I deserved to be there: Climate activist Disha Ravi after she couldn't attend COP26 as passport was withheld 

"We don't need reforms to the system because reforms don't play out in real life. We need abolition of the carceral state," she wrote in her piece
Pic: Edex Live
Pic: Edex Live

Disha Ravi, the Bengaluru-based climate activist, would have been at the recently concluded 2021 United Nations Climate Change Conference (COP26), only if her passport wasn't denied. She detailed this and much more like bringing up "India's obsession with preserving caste order", "slapping citizens with sedition charges" in her piece for The Independent, a British online newspaper. She was supposed to report for Grist, a non-profit news organisation and had to get past two hurdles to do so, get a passport and file for an exception in the court.  

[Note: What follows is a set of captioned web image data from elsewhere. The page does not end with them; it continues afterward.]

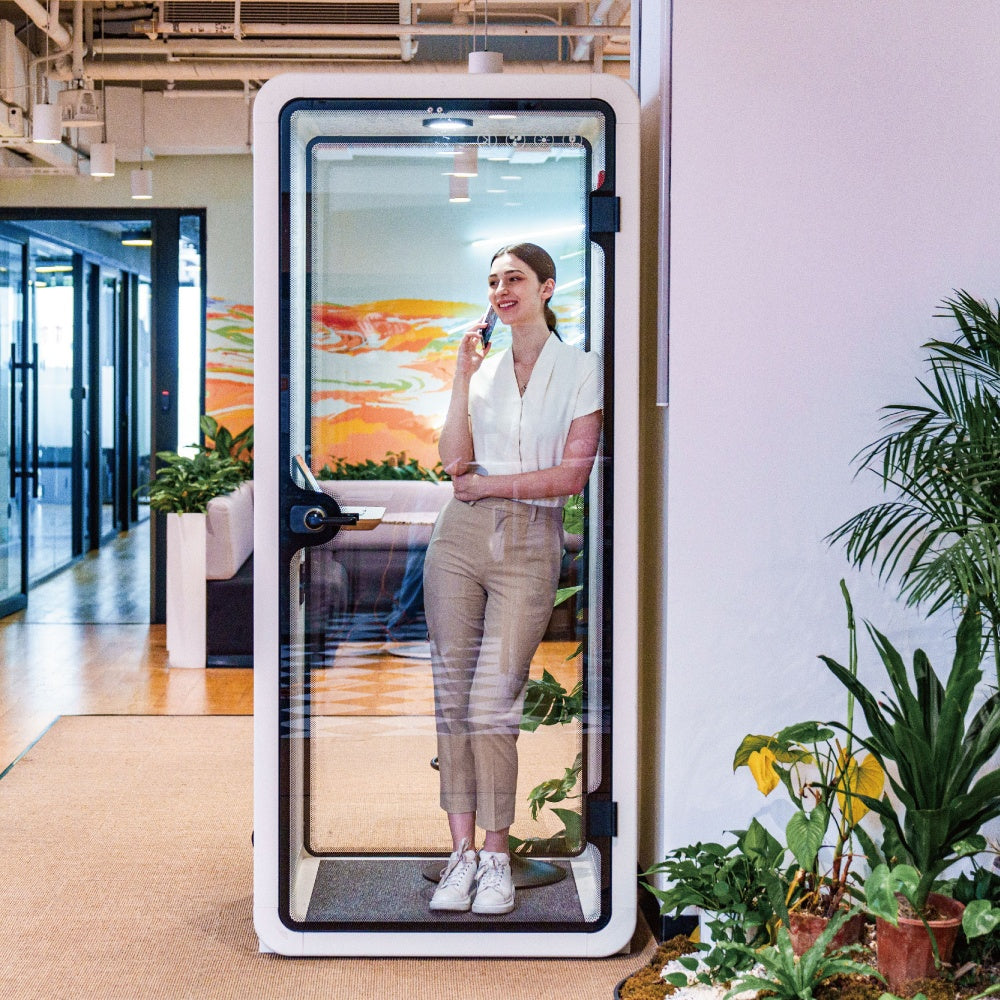 P1F-2 Pro Privacy Booth Meeting Pod for 1-person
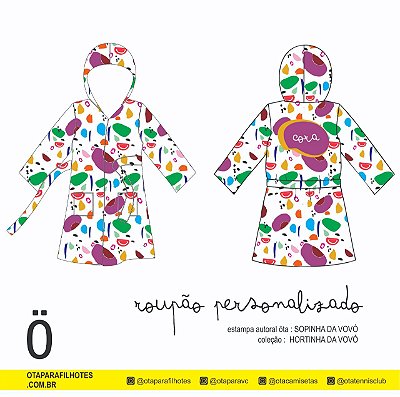 ROUPÃO PERSONALIZADO_SOPINHA DA VOVÓ _ ÖTA PARA FILHOTES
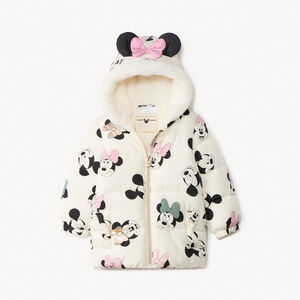 Doudoune imperméable Minnie Disney pour bébé fille 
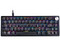Teclado Mecánico Gamer XPG SORCERER MINI, Iluminación RGB, Switch XPG Red Mechanical, USB Tipo C. Color Negro. (Versión en Ingles)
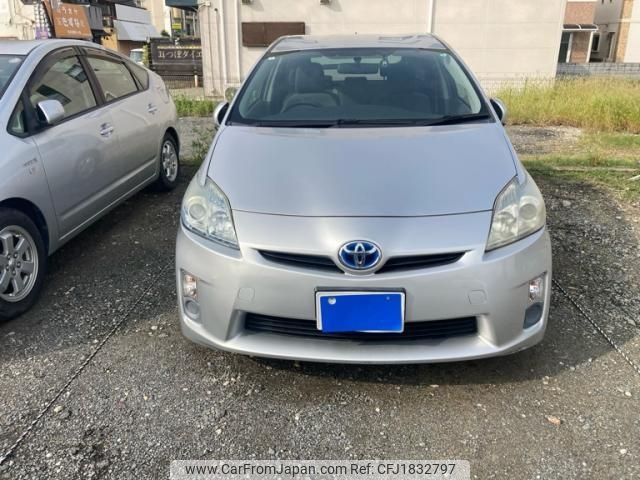 toyota prius 2009 CFJ1832797 image 1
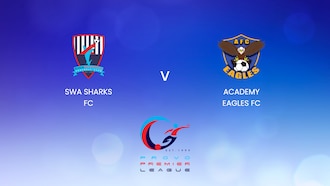 SWA Sharks FC - Academy Eagles FC | Provo Premier League 2024-25 | Match completo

It may be recalled that the young climate activist was arrested and then bail was granted in February 2021 for the 'toolkit' case, she was not allowed to leave India for the duration of her proceedings. But citing the Ministry of External Affairs' notice that those citizens against whom proceedings are pending before a criminal court are indeed entitled to a passport, she went ahead and applied for it. Despite following all the rules, which involved two court hearings, two police visits and two passport office visits, her passport was withheld. "To be an incarnated person in India is to be denied civil liberties," she wrote in her piece.

Disha Ravi also wrote about how her time in Tihar Jail had taught her a lot and that most of her fellow inmates were from "economically exploited, Muslim, Dalit, Bahujan and Adivasi backgrounds. More importantly, most of them were undertrial." She went on to quote 2019 NCRB data and to substantiate her point about undertrials and also quoted a study by Delhi-based lawyer Abhinav Sekhri to note the "lack of clear guidelines identifying which types of offenses should allow fo arrest without a warrant or deny the presumption of bail allows for the simple forfeiture of liberty."

READ ALSO : Delhi court sends 21-year-old climate activist Disha Ravi to one-day police custody 

"I deserved to be there," Disha Ravi stated and went on to add that, "The denial of my passport led to the denial of my physical presence at Cop26. The denial of my civil liberties is a chunk of the larger problem of the criminal justice system in India."